What is the best recipe for tegu meals? Shes got a vicious appetite and will eat just about anything she can put in her mouth. I want to make healthy meals for everyday and use pinkies for a treat.


----------



## Jrock23 (Mar 24, 2016)

I believe there is a food list on this form, just take a look at it and create your own feeding schedule.. You can also check out you few websites but make sure they are updated and that you are not reading outdated information..


----------



## Mishaaa (Apr 20, 2016)

I use ground turkey with a calcium supplement as a staple. My guy eats every other day and I buy fruits and vegetables weekly. A varied diet is very important. I mix his turkey together with the calcium powder. Then I will add in small bits of fresh fruit and vegetable, such as a variety of berries, melons, small amounts of broccoli etc. I just started implementing fish in his diet.
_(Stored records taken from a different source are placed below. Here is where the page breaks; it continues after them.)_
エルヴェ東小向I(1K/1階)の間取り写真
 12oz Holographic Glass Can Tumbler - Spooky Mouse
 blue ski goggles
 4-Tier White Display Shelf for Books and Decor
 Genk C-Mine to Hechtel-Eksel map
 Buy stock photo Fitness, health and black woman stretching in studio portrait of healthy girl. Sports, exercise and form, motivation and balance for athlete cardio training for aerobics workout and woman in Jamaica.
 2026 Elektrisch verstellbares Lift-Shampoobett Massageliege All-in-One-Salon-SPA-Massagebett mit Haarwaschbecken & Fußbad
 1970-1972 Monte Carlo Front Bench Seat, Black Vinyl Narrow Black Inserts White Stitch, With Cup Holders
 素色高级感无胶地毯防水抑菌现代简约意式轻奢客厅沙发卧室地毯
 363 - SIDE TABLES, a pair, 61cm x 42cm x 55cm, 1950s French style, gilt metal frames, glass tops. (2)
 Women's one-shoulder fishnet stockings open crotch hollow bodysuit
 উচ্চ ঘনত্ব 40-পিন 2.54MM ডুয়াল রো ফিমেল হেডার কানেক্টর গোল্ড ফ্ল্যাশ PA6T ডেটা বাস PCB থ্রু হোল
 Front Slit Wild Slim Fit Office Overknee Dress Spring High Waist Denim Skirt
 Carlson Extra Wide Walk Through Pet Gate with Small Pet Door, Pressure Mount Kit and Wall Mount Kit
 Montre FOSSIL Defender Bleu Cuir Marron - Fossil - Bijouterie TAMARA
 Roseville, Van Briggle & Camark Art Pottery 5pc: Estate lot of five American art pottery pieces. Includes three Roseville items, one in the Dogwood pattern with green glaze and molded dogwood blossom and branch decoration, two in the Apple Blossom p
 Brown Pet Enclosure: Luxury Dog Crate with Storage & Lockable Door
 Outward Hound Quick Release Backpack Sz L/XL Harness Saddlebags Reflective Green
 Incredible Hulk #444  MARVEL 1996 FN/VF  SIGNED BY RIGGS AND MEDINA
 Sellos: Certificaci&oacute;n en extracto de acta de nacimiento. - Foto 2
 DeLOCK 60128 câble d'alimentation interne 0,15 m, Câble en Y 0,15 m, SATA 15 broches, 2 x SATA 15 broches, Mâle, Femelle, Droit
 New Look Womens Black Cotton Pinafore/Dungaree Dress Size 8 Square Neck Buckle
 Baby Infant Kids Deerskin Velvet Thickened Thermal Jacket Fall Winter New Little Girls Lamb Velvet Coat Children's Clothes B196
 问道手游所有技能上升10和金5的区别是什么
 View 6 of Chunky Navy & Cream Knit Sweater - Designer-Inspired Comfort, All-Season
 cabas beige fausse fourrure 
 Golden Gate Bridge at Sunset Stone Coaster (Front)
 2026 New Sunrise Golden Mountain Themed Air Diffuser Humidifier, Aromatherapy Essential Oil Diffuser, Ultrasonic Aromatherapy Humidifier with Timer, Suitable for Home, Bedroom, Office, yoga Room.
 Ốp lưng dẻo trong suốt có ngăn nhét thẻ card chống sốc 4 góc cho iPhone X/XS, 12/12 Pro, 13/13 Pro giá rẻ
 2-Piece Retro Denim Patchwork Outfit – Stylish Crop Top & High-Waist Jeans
Adding fish and beef liver will help with getting fatty acids, vitamin A and D. I do this once a week. I spend around $50 a month feeding him.
http://www.tegutalk.com/threads/tegu-food-list.6446/
Here is the link to the list of foods that can be eaten and how often


----------



## snibborsirk (Apr 20, 2016)

Agreed with Mishaaa on a good mix of diet. I use the ground turkey, beef liver, and cod liver oil mix as a once a week staple to aid in shedding - this mix seems to work wonders if you're having shedding issues. Also sneak in some fruits, veggies, egg yolk frequently. Usually feed some hairless mice once or twice a week too - whole prey is always a good thing.


----------